Este é o partido que não faz a
menor ideia de como funciona a Segurança Social e, muito menos, um sistema
contributivo assente no princípio da solidariedade entre gerações. Que defende
um teto para as reformas mais altas, ignorando por completo o impacto que esse
teto pode ter na confiança dos contribuintes. Este é o partido que defende
"um regime de proteção de denunciantes que garanta o anonimato e a
segurança dos denunciantes", mesmo que eles sejam criminosos. Uma espécie
de delação premiada, a que o PAN não chama delação premiada, mas que depois não
sabe explicar porquê. É o partido que tem como grandes propostas para o Serviço
Nacional de Saúde, e passo a citar, "dotá-lo de meios financeiros,
técnicos e humanos necessários, (...) reforçar diversas especialidades,
nomeadamente psicologia, nutrição, oftalmologia, obstetrícia, pediatria,
pedopsiquiatria e a medicina física e de reabilitação, atribuir um médico de
família a todos os utentes e aumentar a cobertura do SNS nas áreas da saúde
oral e da saúde visual." Ah, claro, e melhorar a alimentação das pessoas
para elas não adoecerem tanto. Esta parte não é uma citação, é um resumo. Este
é o partido que, sobre educação, escreve várias banalidades no programa
eleitoral - muitas delas quase incompreensíveis -, das quais seleciono esta:
"Há que avaliar o sistema e promover a avaliação contínua dos estudantes
respeitando tempos de aprendizagem individuais."

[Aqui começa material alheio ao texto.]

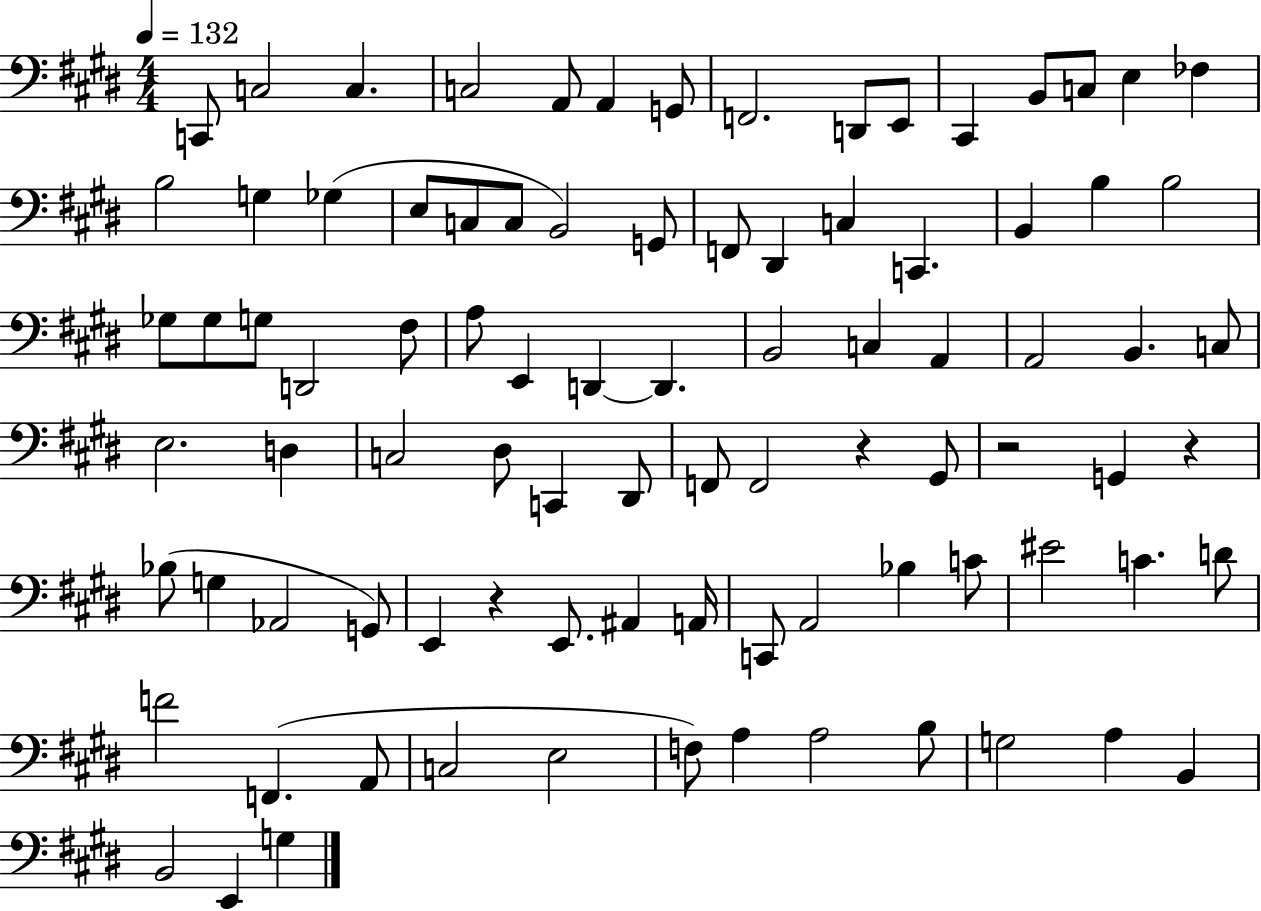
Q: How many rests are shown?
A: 4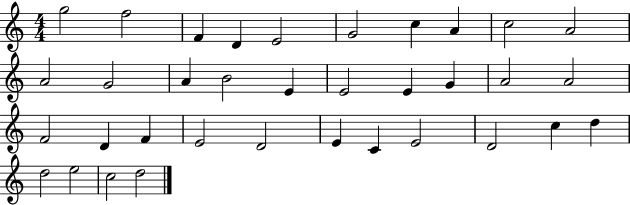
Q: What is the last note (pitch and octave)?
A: D5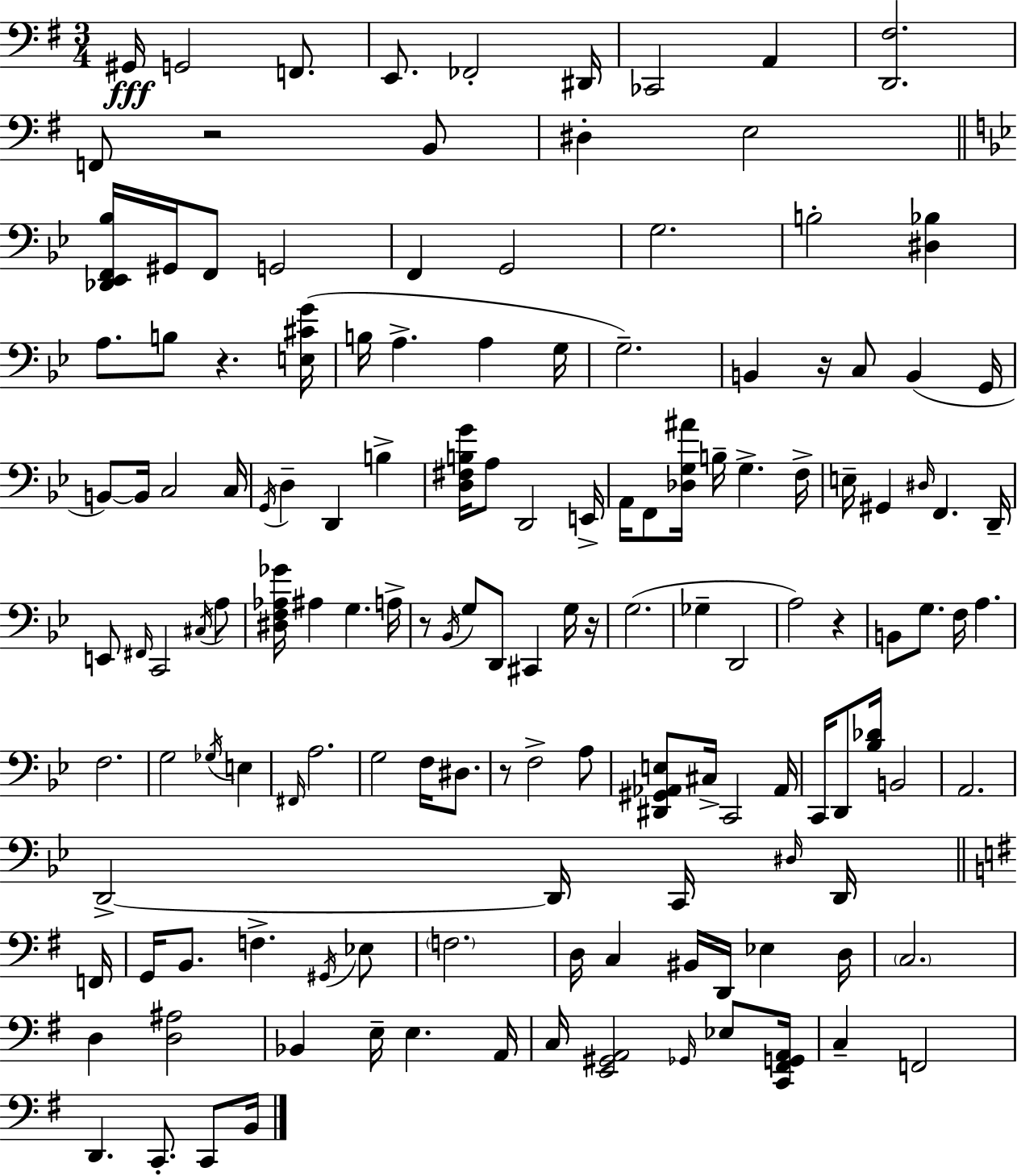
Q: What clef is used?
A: bass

Nada disto retira a importância
que o PAN tem hoje na democracia portuguesa e, sobretudo, a que ainda pode vir
a ter. Pela agenda que conseguiu impor, mas, mais ainda, pela influência que
essa agenda pode provocar na vida das pessoas. Nas nossas vidas. No nosso país.
No nosso planeta. Se o PAN for o "gatilho" para que os restantes
partidos com representação parlamentar se mexam e comecem a ter ações mais
concretas sobre a emergência climática em que vivemos, viva o PAN! Mas é
preciso ter noção do que este partido representa no momento atual. Do que ainda
tem para aprender, para estudar, para aprofundar do ponto de vista técnico e,
sobretudo, político. Precipitar as coisas pode ser a morte de um projeto que
pode ser importante para o País. E eu acho que o PAN faz falta ao país. Mas,
votar PAN apenas porque defende os direitos do nosso cão ou do nosso gato, é
curto. Muito curto. É votar num panfleto e não num programa eleitoral.